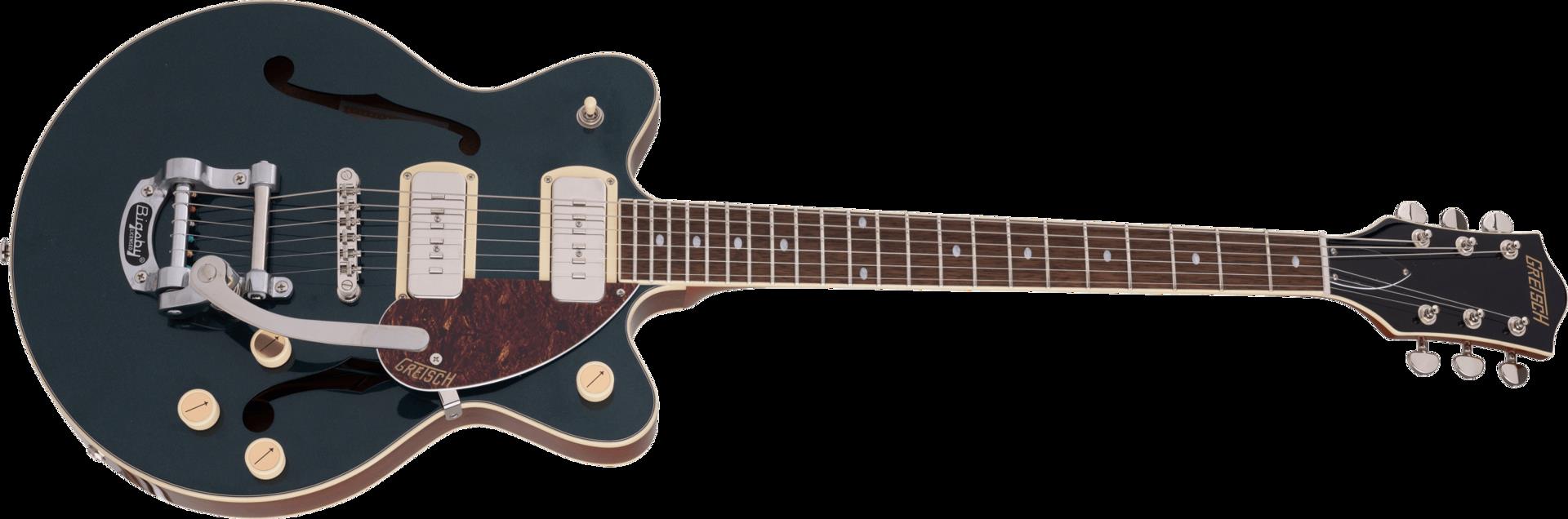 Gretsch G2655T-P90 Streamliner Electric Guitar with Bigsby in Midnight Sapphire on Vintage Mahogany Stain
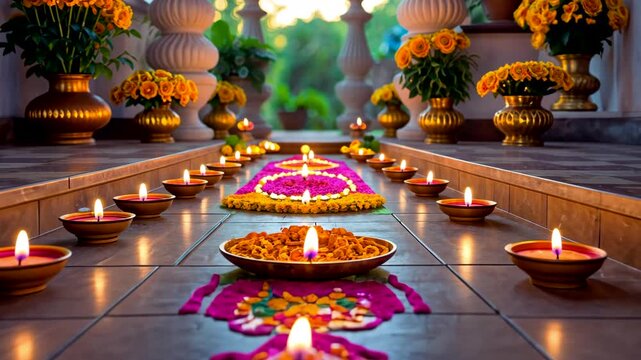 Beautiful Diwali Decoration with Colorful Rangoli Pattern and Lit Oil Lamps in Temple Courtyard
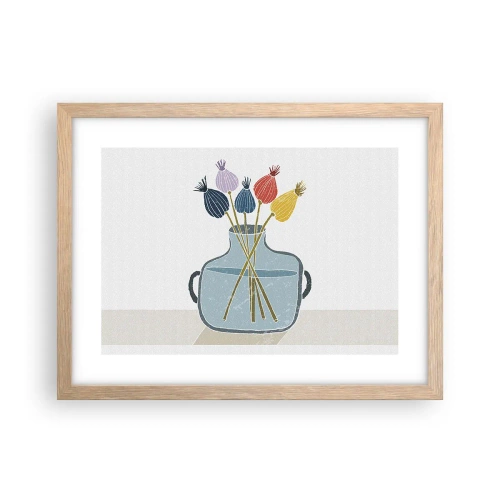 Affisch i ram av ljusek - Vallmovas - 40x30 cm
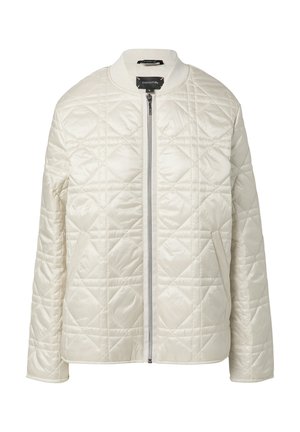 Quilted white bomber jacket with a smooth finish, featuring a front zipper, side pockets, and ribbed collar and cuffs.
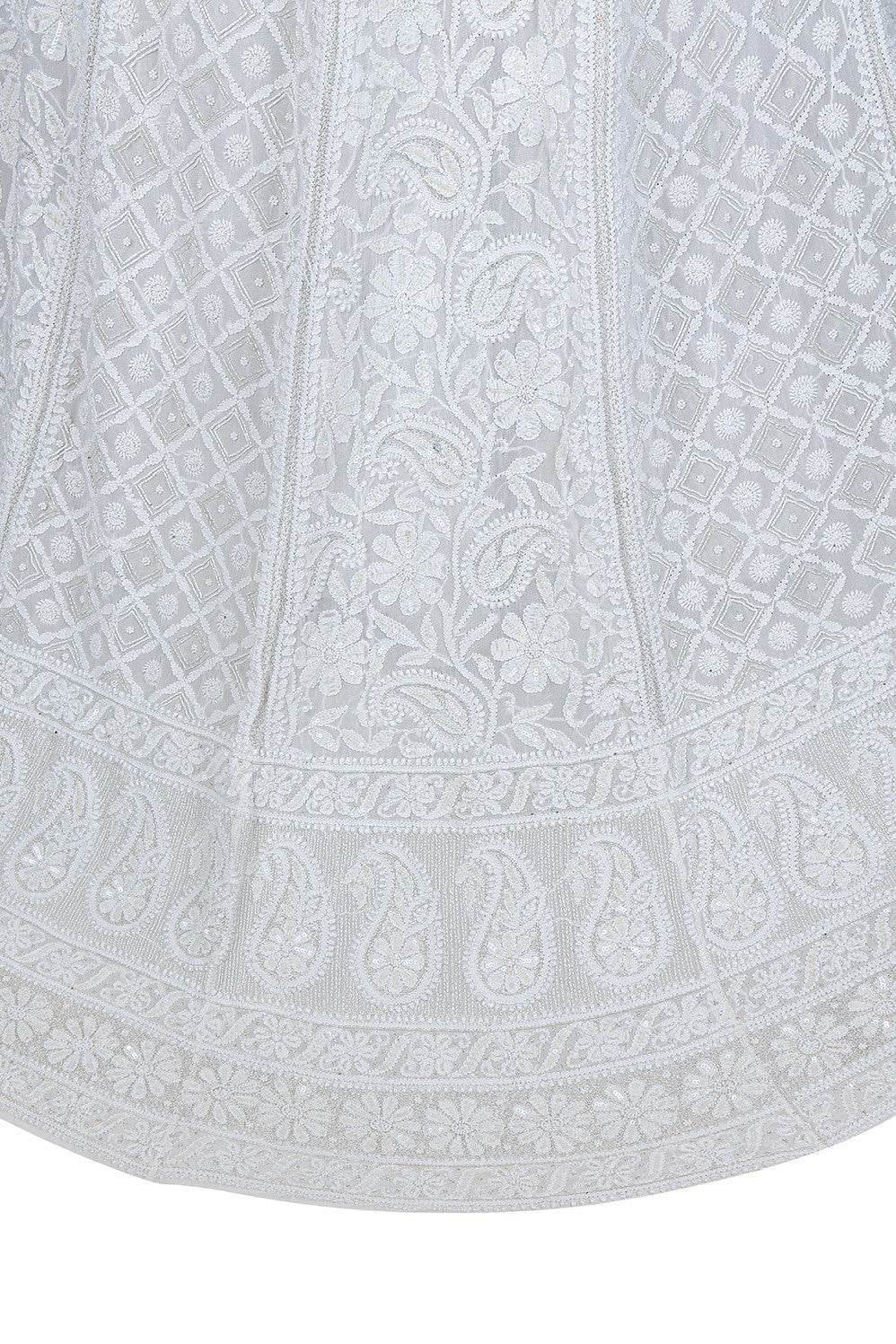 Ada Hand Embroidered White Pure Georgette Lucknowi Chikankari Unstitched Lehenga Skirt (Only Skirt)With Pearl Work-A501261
____
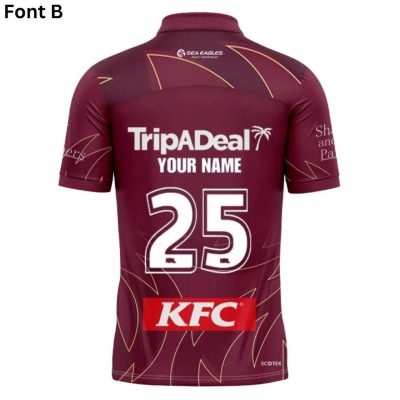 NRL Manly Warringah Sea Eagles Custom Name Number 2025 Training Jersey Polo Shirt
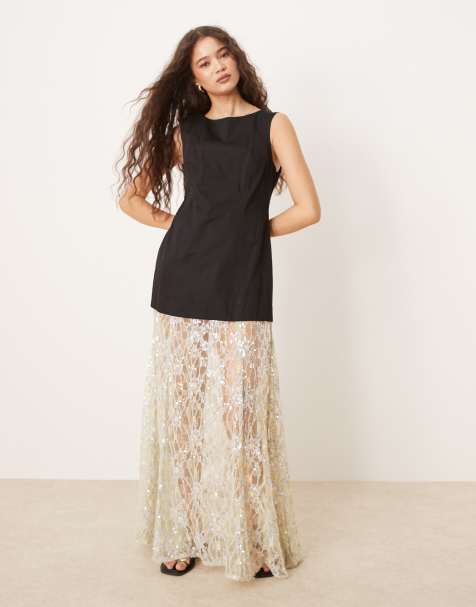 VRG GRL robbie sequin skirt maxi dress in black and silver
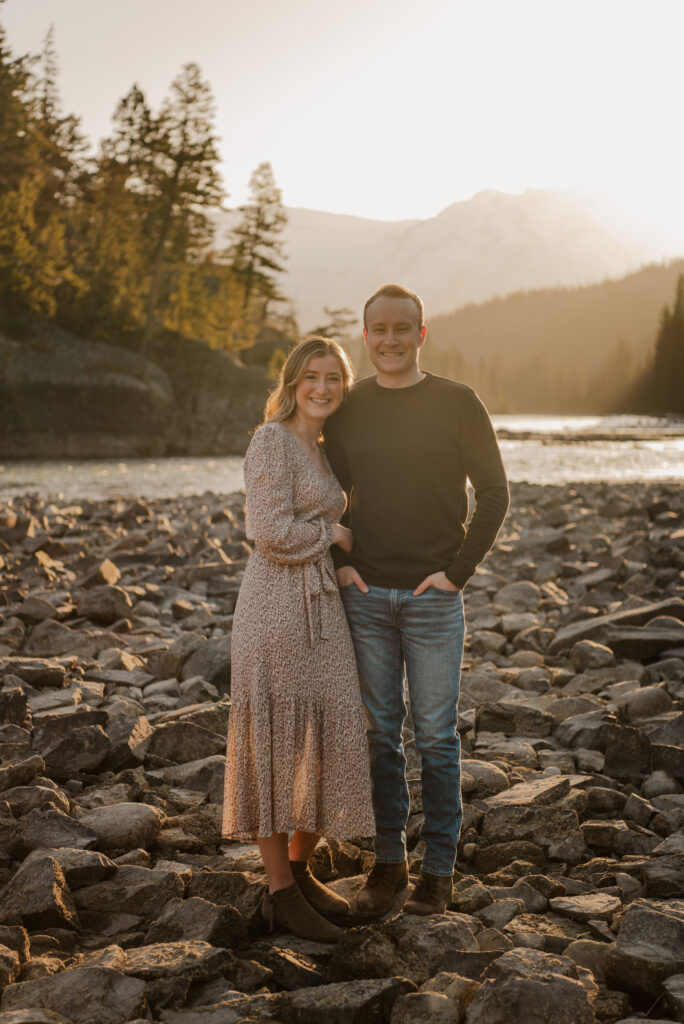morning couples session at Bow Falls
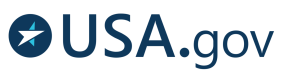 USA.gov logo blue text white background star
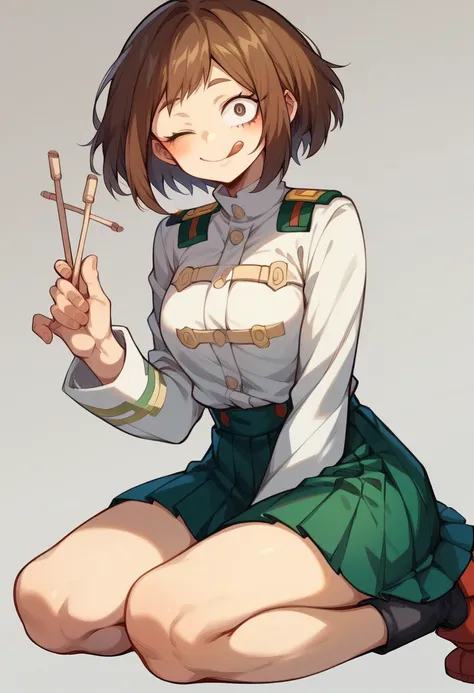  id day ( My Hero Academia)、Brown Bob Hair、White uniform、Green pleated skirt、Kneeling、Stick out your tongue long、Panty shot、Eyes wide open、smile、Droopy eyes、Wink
____
• **EXERCISE GOAL**:
The stretch above running from the line with "Affisch i ram" through the line with "Ada Hand Embroidered" is all you should copy, exactly, leaving out the pictures.

• **REPLY**:
 Affisch i ram av ljusek - Vallmovas - 40x30 cm
 Quilted white bomber jacket with a smooth finish, featuring a front zipper, side pockets, and ribbed collar and cuffs.
 Ada Hand Embroidered White Pure Georgette Lucknowi Chikankari Unstitched Lehenga Skirt (Only Skirt)With Pearl Work-A501261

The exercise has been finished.